Wars.
Salaries for people to fight wars.
Ammunition for people to fight wars.
Equipment to keep people "safe" in wars.
Survivor benefits.
Seattle Washington doesn't have enough money for mental health services. Frankly, I'm embarrassed to write that. Seattle is my home town and I love the place even though I'm a devout New Yorker lo, these many years.
I found that statistic when I was searching for information about the death of a woman on Sunday July 16. She had a history of mental illness and called Harborview for help, saying gangs of people were after her. She wasn't sick enough for admittance.
She was Robin Raible. She was my first friend in first grade. My mother has known her mother since third grade.
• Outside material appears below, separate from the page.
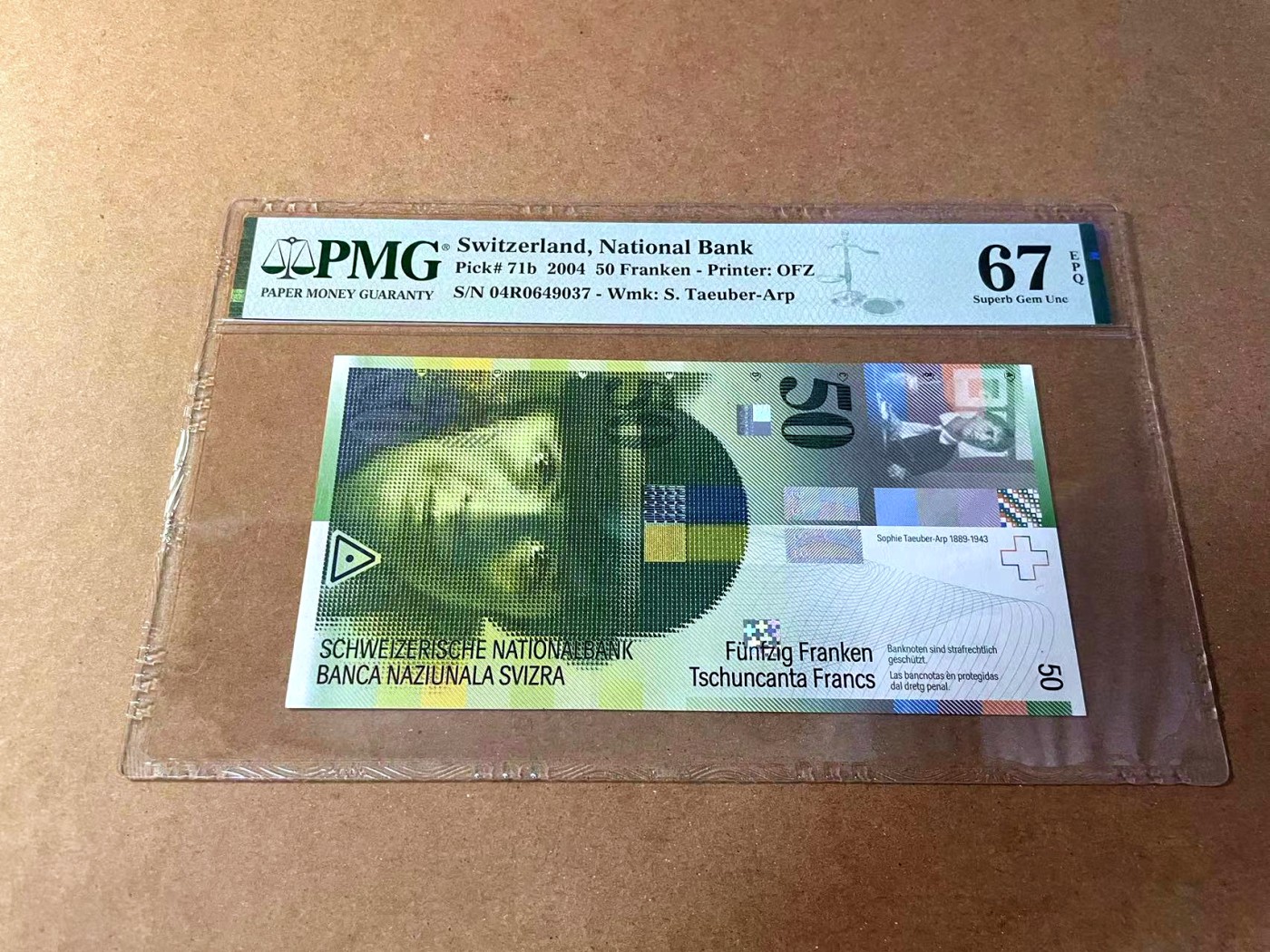 【Blue Auction】✨世界纸币精拍第461期【精】 【p71b】瑞士 2004年50法郎  PMG67EPQ 高分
Robin had perfect pitch. She introduced me to pop music. She was the only person I knew for years who had a canopy bed. She had the coolest name of everyone in our grade. She loved the color turquoise, and when I sign my letters these days with a turquoise pen it's a subtle connection to her.
Our paths diverted; I hadn't seen her in a long time. I can still tell you her phone number, her mom's address, where she was born, and her least favorite knock-knock joke. Those things stay with you a long time-a lifetime now I guess.
Her father was a Unitarian minister so I'm not surprised to hear Matthew 25:40 in my head: "what you do to the least of these, my brethren, you do to me".
Robin Starr Raible
always a star, always
always a star, always
10 comments:
My very deepest condolences.
I'm so very sorry to read this. It brought tears to my eyes.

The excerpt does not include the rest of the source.